О танце Айседоры Дункан Розанов написал пять статей. Сборник «Среди художников» (в котором перепечатаны три из них) содержит также несколько фотографий Айседоры с детьми, автограф танцовщицы и письма анонимных читателей к Розанову о «воспитательном значении» творчества Дункан. Все это хотя бы на уровне фактов доказывает то значение, которое приобрела американская актриса в глазах русского философа. Зимой 1912 года Айседора Дункан в свой очередной приезд в Россию неожиданно навещает Розанова в его петербургской квартире (см. об этом в воспоминаниях дочери Розанова Татьяны{146}) — в знак благодарности российскому автору, написавшему, по мнению самой Дункан, самые проникновенные строки о ее творчестве. Сведений о том, знала ли Дункан работы Розанова, не существует, но вне всякого сомнения они тлелись друг к другу как художники, проповедующие общие темы; люди одной трагической судьбы.

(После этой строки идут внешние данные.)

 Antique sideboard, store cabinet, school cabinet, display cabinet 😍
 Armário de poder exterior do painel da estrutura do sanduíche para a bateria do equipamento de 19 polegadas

О первом знакомстве Розанова с танцами Дункан вспоминает Андрей Белый: после выступления Айседоры в 1905 году «ворчал В. В. Розанов, которого мы встретили в зале; он, взяв меня под руку, недовольно поплескивал словом: — Нет, нет, ни одного движенья как следует!»{147}. Под воздействием впечатлений от более поздних гастролей Дункан в Петербурге (1908), отсутствие «правильных движений» Розанов будет считать уже эстетическим открытием Айседоры.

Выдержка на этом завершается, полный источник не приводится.